Ninguém deixou de notar, em resenhas já publicadas, as luzes de Borges e Calvino, que colorem os textos de alusões. Mas a voz do autor, aqui, tem acento próprio, forte o bastante para resistir às companhias que ele mesmo convidou. Forte o bastante, na verdade, para entrar no acervo mais íntimo de cada leitor, lado a lado com esses e outros nomes de tamanha envergadura. É uma voz serena, como só poderia ser para alguém tão cuidadoso e maduro no trato do mundo; mas doídamente serena, como não poderia não ser, para quem se abre com tanto afeto à experiência dos outros. Desse ponto de vista, aliás, o controle formal ganha outro sentido. Menos como Borges e Calvino -- se quiserem, mais como Nabokov —, a superfície regrada da prosa vira um veículo para transmitir, justamente, aquilo que é sofrido demais para ser tratado de outro modo.

Vistas assim, as histórias mais longas, como a antológica novela do dublê de datilógrafo, que abre o livro, a do velho ator em fim de carreira (publicada numa Piauí de alguns meses atrás), a do mapa de Gêngis Khan, ou a da busca do desaparecido na ditadura não são tão diferentes das 25 ficções curtas, umas mais, outras menos memoráveis, mas que vão todas do tudo ao nada, ou vice-versa, numa página. Em especial, a quarta seção, “Dos Demônios” parece ecoar, como música de câmara, as texturas mais sinfônicas do “Livro I”. E o último texto de todos consegue, afinal, com exemplar discrição, consagrar um amor entretramado em livros, modesta gloriosa esperança nesse vale de lágrimas.

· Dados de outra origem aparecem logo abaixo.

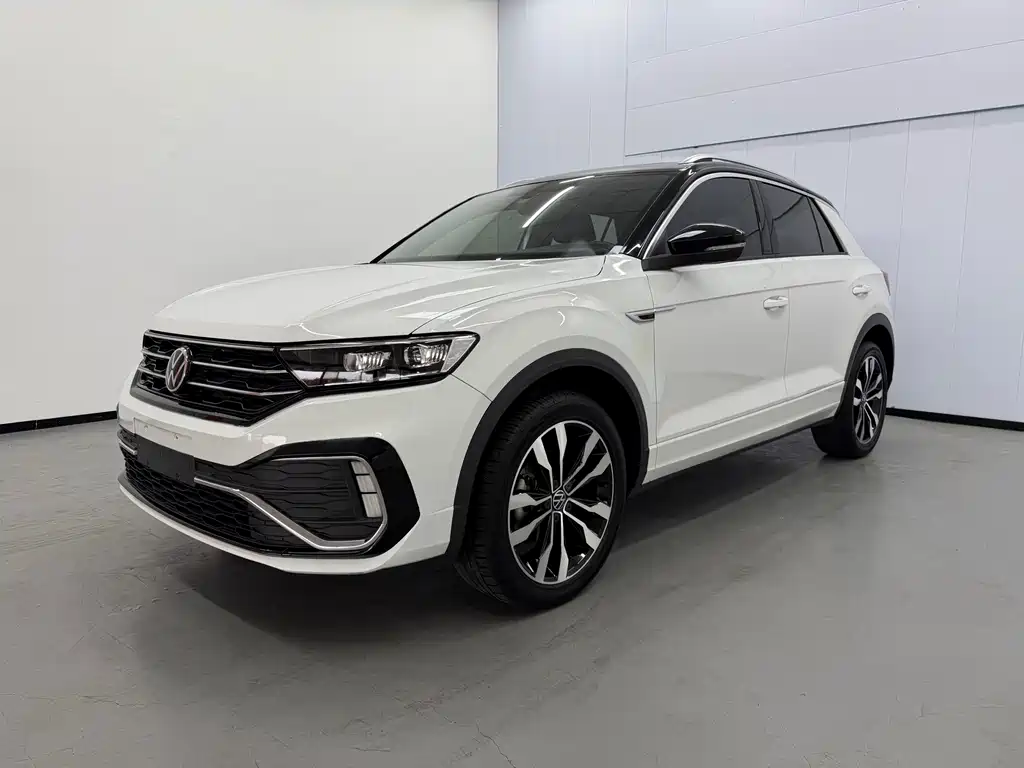 Volkswagen T-Roc 2022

O que nos leva de volta ao começo, àquele conto longo, ou novela, sobre o dublê de datilógrafo, em filmes sobre escritores, que afinal se torce sobre o próprio autor escrevendo essa história, num fictício filme narrado em prosa. O livro mereceria comentário muito maior, mas aqui basta dizer que esse texto, por si, faz de Marcílio França Castro um dos melhores autores da literatura brasileira do nosso tempo. Ninguém pode prever o passado, diria algum personagem dele, muito menos o futuro, mas há boas razões para imaginar que esse conto há de ser lido enquanto houver livros, leitores, literatura: um clássico.

* * * * *

Arthur Nestrovski é Diretor Artístico da Osesp (Orquestra Sinfônica do Estado de São Paulo). Violonista e compositor, também escreveu vários livros para crianças, entre eles Histórias de avô e avó, O livro da música, Viagens para lugares que eu nunca fui e Agora eu era (todos publicados pela Companhia das Letrinhas).